L’estensione del voto a maggioranza nelle attuali condizioni, quindi, avrebbe come conseguenza semplicemente la ricerca di compromessi accettabili per tutti, come è avvenuto all’interno della Convenzione; e questo è l’inevitabile corollario di ogni sistema in cui ciascuno Stato persegue il proprio interesse nazionale. Se si vuole che l’Europa abbia davvero un’unica politica estera e di sicurezza, e se si vuole che si crei un legame federale tra gli Stati mem
bri, allora non ci si può limitare a porre la questione del modo in cui vengono prese le decisioni, ma bisogna anche affrontare il problema di come farle rispettare. Questo implica per il potere europeo il controllo dell’esercito, una propria polizia, una solida amministrazione e adeguate risorse finanziarie proprie; vale a dire un potere statuale sovrano, che deve basarsi sulla legittimità data dal consenso dei cittadini. Non esistono alternative reali a questa soluzione.

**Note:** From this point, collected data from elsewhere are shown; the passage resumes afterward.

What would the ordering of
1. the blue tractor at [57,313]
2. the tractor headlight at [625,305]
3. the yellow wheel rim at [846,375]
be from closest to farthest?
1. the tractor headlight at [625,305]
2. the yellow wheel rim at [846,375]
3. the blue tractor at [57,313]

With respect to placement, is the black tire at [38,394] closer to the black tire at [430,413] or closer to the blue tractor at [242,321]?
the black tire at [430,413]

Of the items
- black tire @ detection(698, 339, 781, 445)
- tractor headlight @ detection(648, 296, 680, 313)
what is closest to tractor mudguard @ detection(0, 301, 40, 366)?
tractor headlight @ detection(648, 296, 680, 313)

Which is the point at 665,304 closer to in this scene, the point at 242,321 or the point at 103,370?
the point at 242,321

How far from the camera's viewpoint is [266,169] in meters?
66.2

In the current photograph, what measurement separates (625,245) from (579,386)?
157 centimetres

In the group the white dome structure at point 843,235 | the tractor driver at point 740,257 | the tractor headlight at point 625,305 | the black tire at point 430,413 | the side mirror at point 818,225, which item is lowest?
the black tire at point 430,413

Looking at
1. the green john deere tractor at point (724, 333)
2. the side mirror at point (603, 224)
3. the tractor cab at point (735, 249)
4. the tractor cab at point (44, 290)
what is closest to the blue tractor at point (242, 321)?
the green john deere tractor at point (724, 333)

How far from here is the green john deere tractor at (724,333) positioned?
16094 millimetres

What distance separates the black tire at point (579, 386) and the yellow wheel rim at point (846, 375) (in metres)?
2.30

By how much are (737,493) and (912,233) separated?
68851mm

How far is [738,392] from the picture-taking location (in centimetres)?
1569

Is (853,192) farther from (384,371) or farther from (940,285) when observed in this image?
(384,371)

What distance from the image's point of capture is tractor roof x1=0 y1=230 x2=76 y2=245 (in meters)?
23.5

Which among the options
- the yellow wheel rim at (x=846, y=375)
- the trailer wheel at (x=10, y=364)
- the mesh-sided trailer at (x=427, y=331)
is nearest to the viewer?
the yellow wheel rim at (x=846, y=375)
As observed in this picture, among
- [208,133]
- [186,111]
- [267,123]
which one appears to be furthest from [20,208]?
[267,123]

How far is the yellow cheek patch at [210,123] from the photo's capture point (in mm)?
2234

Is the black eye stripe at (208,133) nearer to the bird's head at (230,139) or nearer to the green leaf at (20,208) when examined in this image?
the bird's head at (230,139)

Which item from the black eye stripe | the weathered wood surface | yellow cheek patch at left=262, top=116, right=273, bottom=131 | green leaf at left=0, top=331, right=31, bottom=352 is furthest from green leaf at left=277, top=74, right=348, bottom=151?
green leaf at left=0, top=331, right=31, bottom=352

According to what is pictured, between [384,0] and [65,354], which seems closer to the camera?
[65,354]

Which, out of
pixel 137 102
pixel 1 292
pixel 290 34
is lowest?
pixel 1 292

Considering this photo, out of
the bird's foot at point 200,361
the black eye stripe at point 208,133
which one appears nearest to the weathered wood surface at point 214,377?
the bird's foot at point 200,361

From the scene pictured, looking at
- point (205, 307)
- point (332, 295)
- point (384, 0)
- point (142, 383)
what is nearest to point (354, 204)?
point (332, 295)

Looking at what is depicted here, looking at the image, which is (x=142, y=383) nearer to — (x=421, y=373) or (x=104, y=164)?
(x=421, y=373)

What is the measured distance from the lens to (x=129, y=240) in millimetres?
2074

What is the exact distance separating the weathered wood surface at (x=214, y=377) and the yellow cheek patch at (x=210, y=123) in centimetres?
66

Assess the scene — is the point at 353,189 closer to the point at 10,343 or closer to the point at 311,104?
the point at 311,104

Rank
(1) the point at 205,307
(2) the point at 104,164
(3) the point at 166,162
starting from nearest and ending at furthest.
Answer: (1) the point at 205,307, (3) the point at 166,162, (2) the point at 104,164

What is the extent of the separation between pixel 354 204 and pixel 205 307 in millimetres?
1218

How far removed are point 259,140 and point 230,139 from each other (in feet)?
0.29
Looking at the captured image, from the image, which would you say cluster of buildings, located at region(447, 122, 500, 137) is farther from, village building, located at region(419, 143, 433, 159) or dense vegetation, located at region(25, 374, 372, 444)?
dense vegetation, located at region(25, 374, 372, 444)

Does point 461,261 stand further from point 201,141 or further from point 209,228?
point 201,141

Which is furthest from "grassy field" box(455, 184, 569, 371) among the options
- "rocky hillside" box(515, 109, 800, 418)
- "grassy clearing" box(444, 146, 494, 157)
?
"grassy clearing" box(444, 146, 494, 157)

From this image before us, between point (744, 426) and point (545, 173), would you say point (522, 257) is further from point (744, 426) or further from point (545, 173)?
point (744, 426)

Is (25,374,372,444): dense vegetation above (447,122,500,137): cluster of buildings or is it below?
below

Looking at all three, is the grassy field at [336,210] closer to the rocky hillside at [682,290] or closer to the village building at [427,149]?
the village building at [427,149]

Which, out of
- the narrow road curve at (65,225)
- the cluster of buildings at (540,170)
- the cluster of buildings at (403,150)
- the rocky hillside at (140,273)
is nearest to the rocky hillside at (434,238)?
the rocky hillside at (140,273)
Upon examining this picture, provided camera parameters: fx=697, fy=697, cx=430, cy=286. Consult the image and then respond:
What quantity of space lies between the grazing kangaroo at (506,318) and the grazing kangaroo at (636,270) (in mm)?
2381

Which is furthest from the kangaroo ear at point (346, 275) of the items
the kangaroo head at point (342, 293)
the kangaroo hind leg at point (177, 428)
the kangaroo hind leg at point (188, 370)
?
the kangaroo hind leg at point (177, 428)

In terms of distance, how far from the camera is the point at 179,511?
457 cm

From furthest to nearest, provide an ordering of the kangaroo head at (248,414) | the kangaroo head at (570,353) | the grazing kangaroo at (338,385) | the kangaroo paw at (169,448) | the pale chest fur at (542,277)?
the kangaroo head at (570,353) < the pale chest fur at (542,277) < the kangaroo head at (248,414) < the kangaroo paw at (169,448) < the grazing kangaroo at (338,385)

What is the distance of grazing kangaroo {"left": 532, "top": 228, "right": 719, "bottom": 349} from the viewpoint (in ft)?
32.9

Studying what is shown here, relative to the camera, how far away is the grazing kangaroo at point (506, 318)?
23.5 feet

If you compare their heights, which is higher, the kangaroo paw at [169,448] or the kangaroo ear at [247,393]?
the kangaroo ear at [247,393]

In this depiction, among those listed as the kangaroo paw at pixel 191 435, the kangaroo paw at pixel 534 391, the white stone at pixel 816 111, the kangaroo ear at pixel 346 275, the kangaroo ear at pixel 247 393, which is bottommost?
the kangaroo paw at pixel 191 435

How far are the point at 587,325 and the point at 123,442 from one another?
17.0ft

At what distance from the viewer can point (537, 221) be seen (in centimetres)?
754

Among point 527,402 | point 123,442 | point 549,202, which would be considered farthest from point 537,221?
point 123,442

Per questo è chiaramente impensabile che il salto federale si possa fare con un’iniziativa che coinvolge sin dall’inizio tutti gli Stati membri e, sempre per questo, qualsiasi progetto che voglia essere elaborato a venticinque è destinato a mantenere in vita il meccanismo confederale. Oggi la consapevolezza di che cosa significhi trasformare in qualcosa di concreto la generica aspirazione di rafforzare l’Europa non esiste neanche nel nucleo dei paesi fondatori, che sono i soli che potrebbero farsi carico dell’iniziativa federale. Perciò è essenziale lavorare in questi paesi per fare chiarezza, per tenere sul campo l’alternativa europea vera, senza confondere i termini del problema, senza creare l’illusione che si arrivi alla federazione europea attraverso escamotages o creando contraddizioni che invece sono solo involutive. I federalisti hanno questa precisa responsabilità politica ed è su queste posizioni che devono sfidare i governi e portare la classe politica e i cittadini.